## [Your instructions]
What is needed is an exact copy of the lines from the line holding "Chicken Eggs For" through the end of the material, with no other lines and no pictures.

## [Input data]
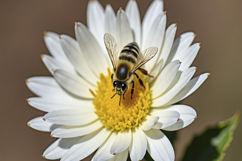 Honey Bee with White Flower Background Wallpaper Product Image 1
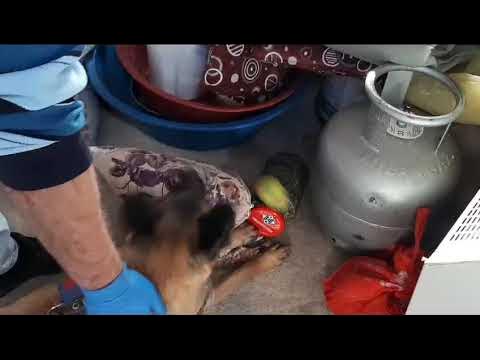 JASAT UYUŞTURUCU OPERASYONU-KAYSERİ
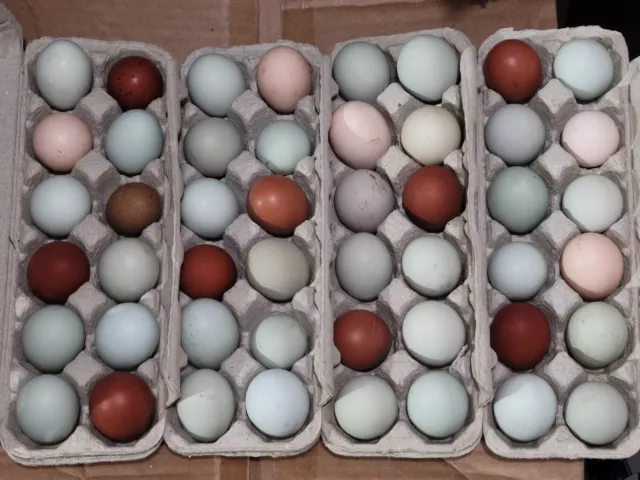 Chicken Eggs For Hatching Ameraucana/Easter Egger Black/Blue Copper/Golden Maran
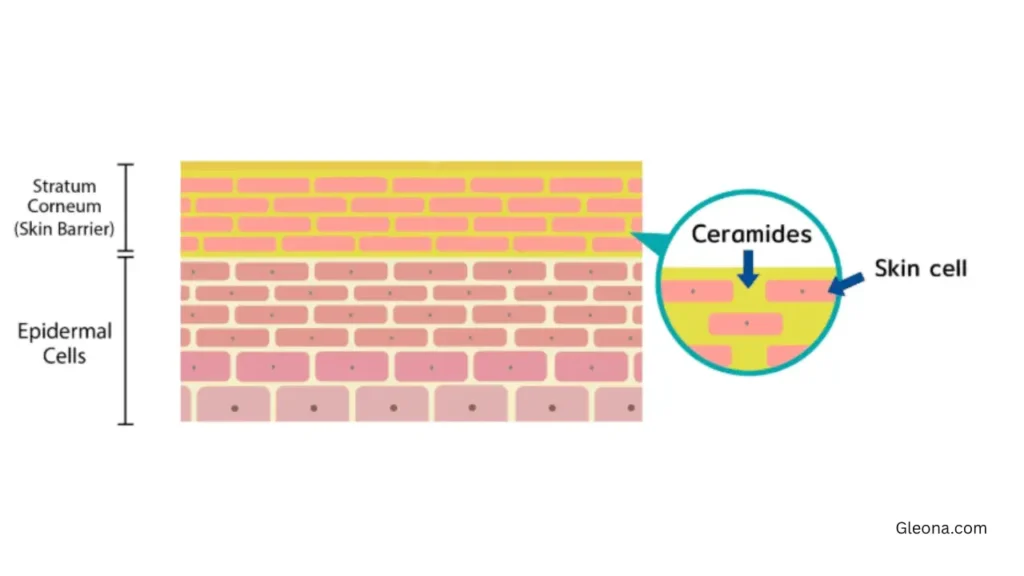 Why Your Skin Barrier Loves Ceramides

## [Exercise answer]
 Chicken Eggs For Hatching Ameraucana/Easter Egger Black/Blue Copper/Golden Maran
 Why Your Skin Barrier Loves Ceramides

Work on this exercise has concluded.